Sometimes we just need a few little things to turn a simple dish into a delicious one.
Today we propose you a spaghetti dish with frozen clams that tastes really amazing. It is important to take into account some small precautions, which we will explain in detail, and to add some flavorings to enrich the taste. Frozen clams are always at hand, they keep for a long time in the freezer, just take them out and prepare the recipe.

• 350 g of spaghetti
• 200 g clams
• 1 clove of garlic
• olive oil
• curry
• salt
• chili pepper
• parsley

Immediately put a pot with plenty of water on the stove to cook the spaghetti and quickly salt it. In a frying pan, prepare the clam sauce for the spaghetti. Put the extra virgin olive oil in the pan, turn on the heat, finely chop the garlic and add it to the hot oil, leave it for a few seconds before adding the still frozen clams. Cover and let the clams thaw over medium heat.

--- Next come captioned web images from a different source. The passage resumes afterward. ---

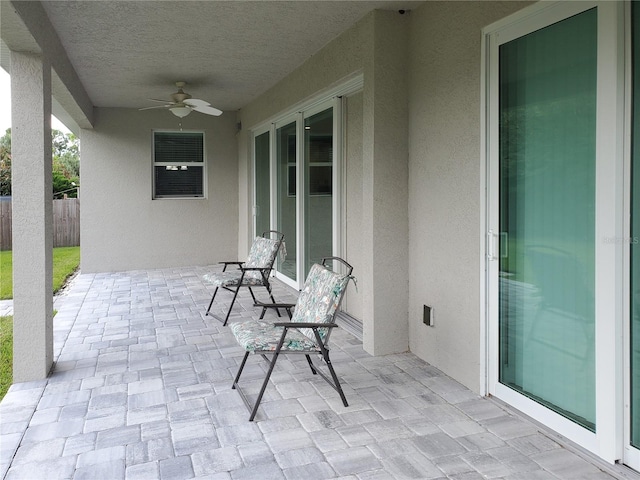 view of patio with ceiling fan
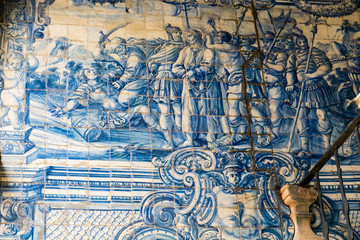 beautiful hand painted azulejos tiles Obidos Portugal. Historic tile panel depicting a scene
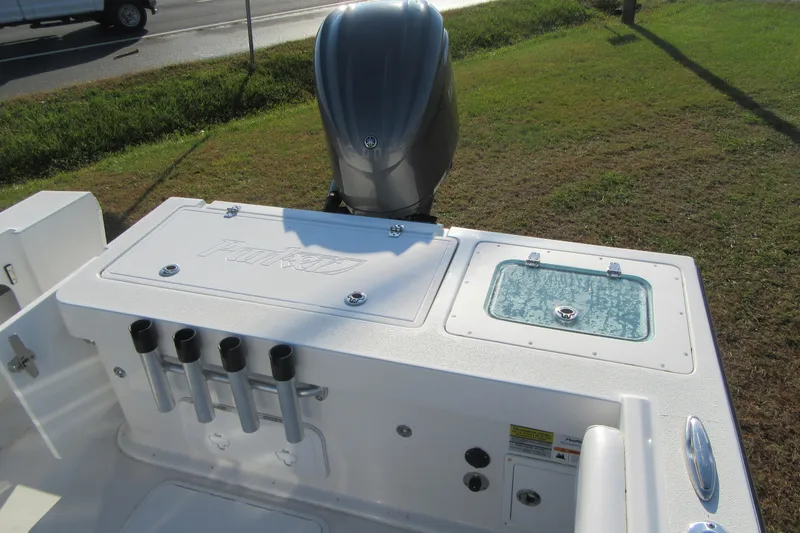 Slide: The Image of 2024 Parker 2320 SL Sport Cabin boat with outboard motor and rod holders. - 11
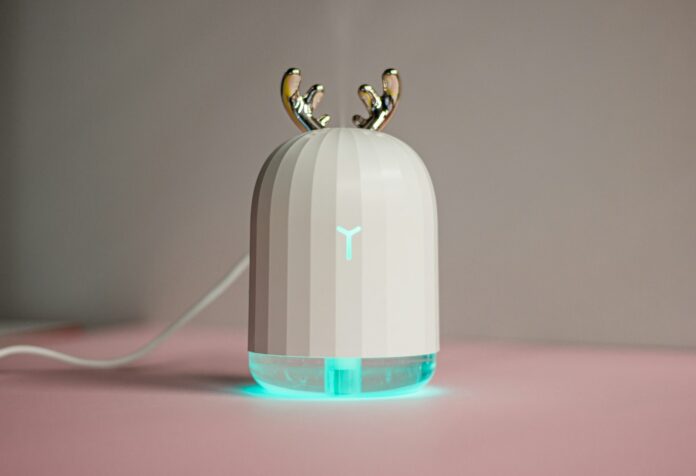 an electronic device with two birds on top of it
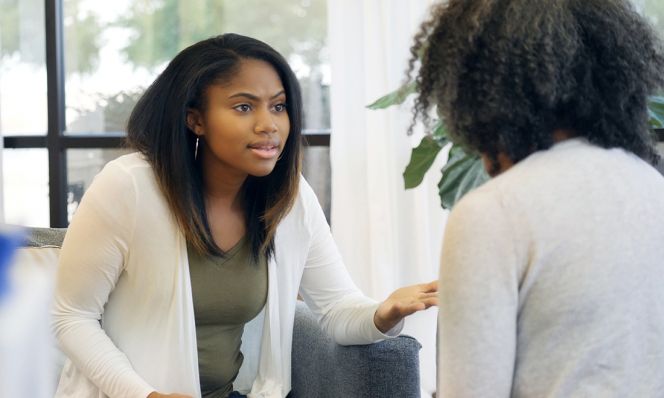 upset teen girl talks with her mom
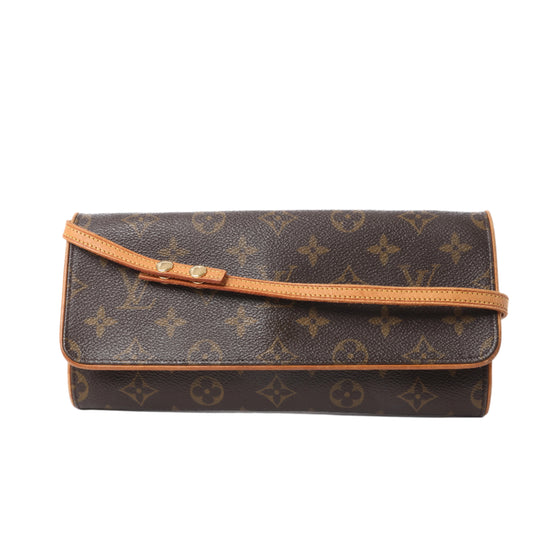 Front view of Louis Vuitton Monogram Canvas Pochette Twin GM Shoulder Bag M51852 with brown monogram pattern, natural leather trim, and thin adjustable strap, displayed against a white background.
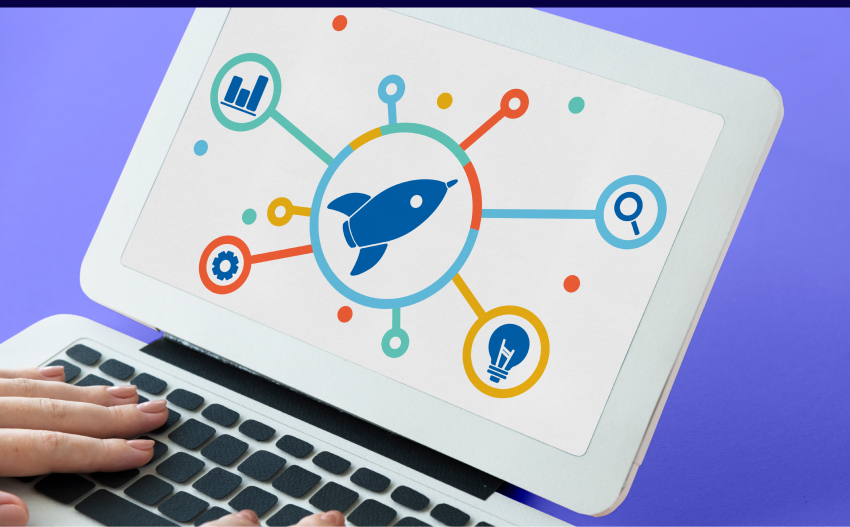 Digital marketing strategy: a laptop screen showing a rocket launch with interconnected business growth icons.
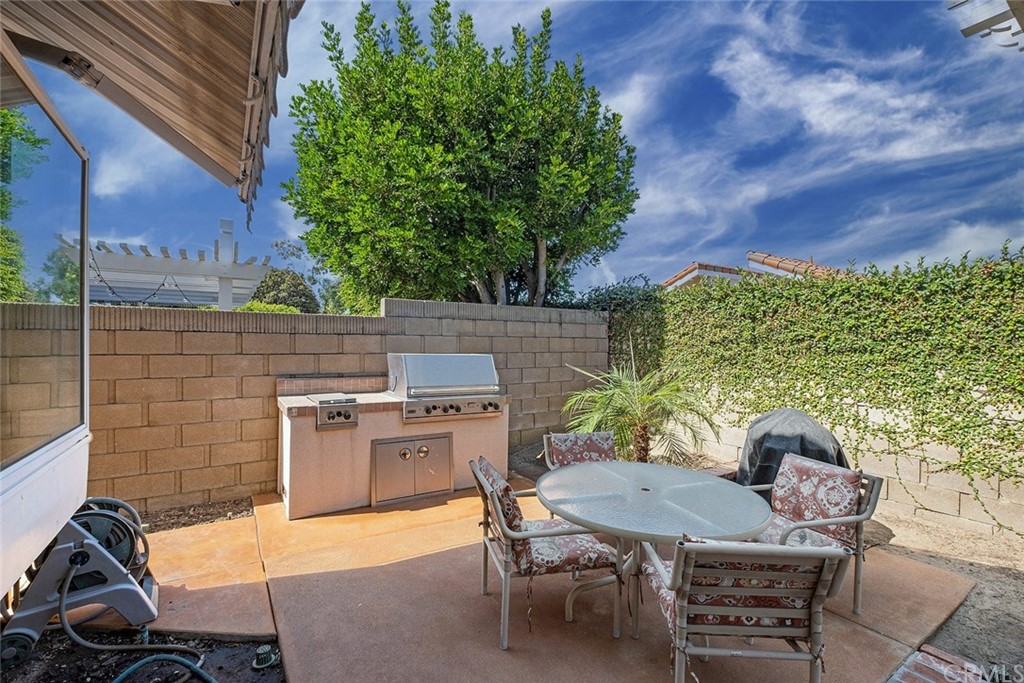 3 Descanso Irvine, CA 92620 - Photo 35 of 54 a backyard of a house with table and chairs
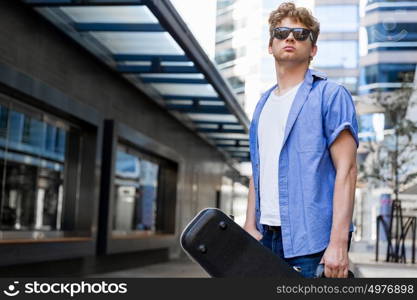 Young musician with guitar in city. Portrait of young musician with guitar in city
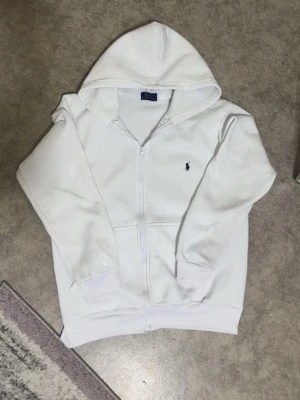 Vit hoodie från Polo Ralph Lauren - Säljer en clean vit hoodie från Polo Ralph Lauren med dragkedja och huva. Klassisk blå logga broderad på bröstet. Hoodien har fickor framtill och ribbade muddar vid ärmar och nederkant. Perfekt för en chill och stilren look.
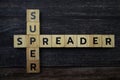 Super Spreader word letter on wooden background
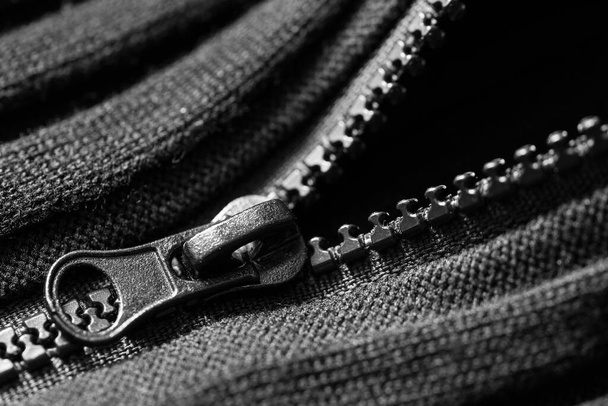 Black  plastic zipper on black knitted fabric. Close up. Macro. - Photo, Image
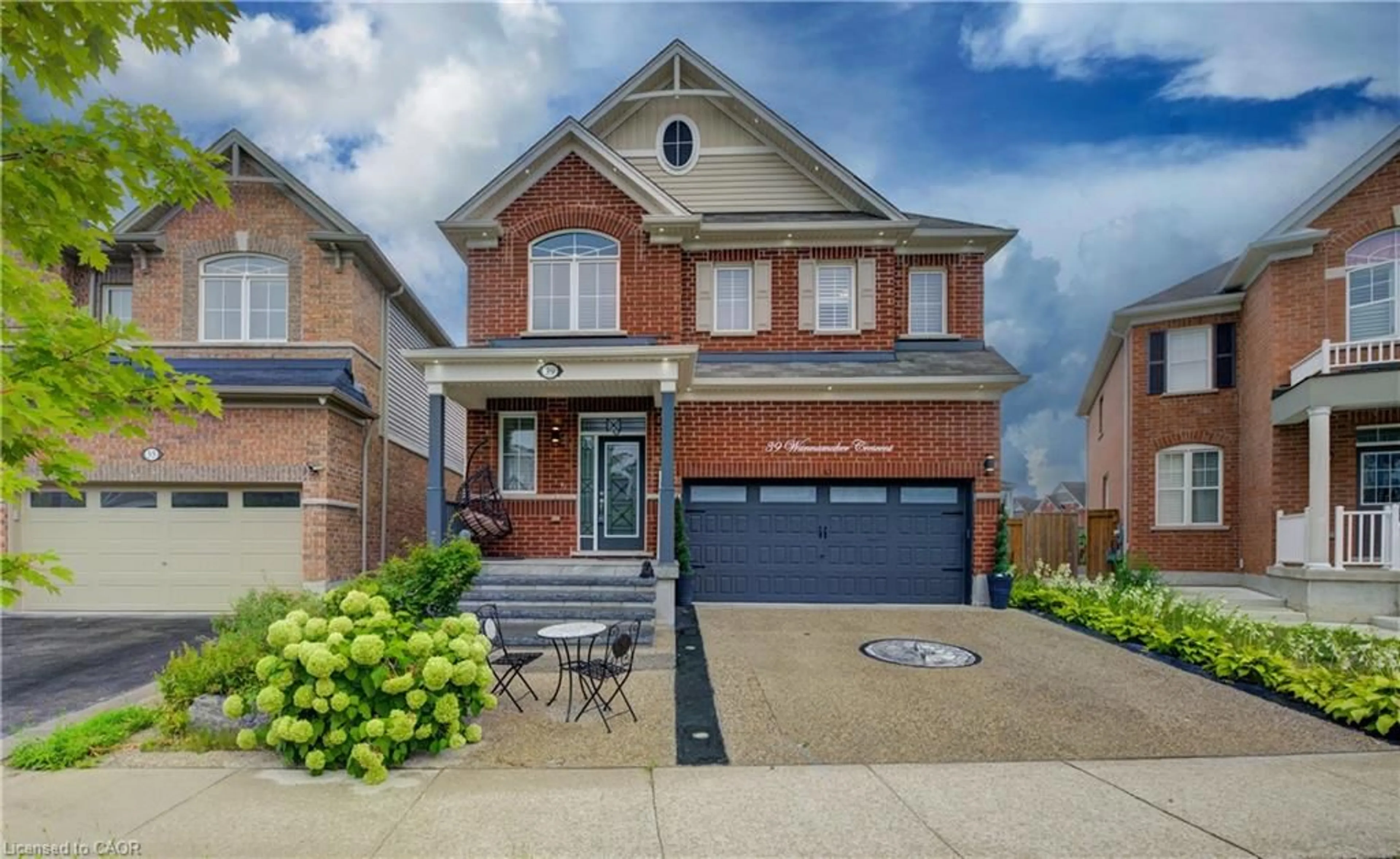 Home with brick exterior material, street for 39 Wannamaker Crescent, Cambridge Ontario N3E 0C5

Turn the clams occasionally to make it easier. At this point the clams are completely thawed, add a pinch of curry powder, the chopped chili and some parsley, let it cook for a minute or two and turn off the heat, it is okay if there is a lot of liquid left, we need it to finish cooking the pasta.
As soon as the water boils, add the pasta, which does not have to be drained as usual, but before it reaches boiling point, remove it from the water and add it to the pan with the clams, so that the last few minutes of cooking are done with the clam broth.
If necessary, add a little more pasta cooking water and let the pasta finish cooking: little by little, a delicious yellow sauce will form (it is not all oil), but rather a sauce formed by the starches in the pasta being diluted with the cooking water, and the yellow color is from the curry. At the end, with the heat off, add more parsley, serve and share with a good Amarticos’s white wine.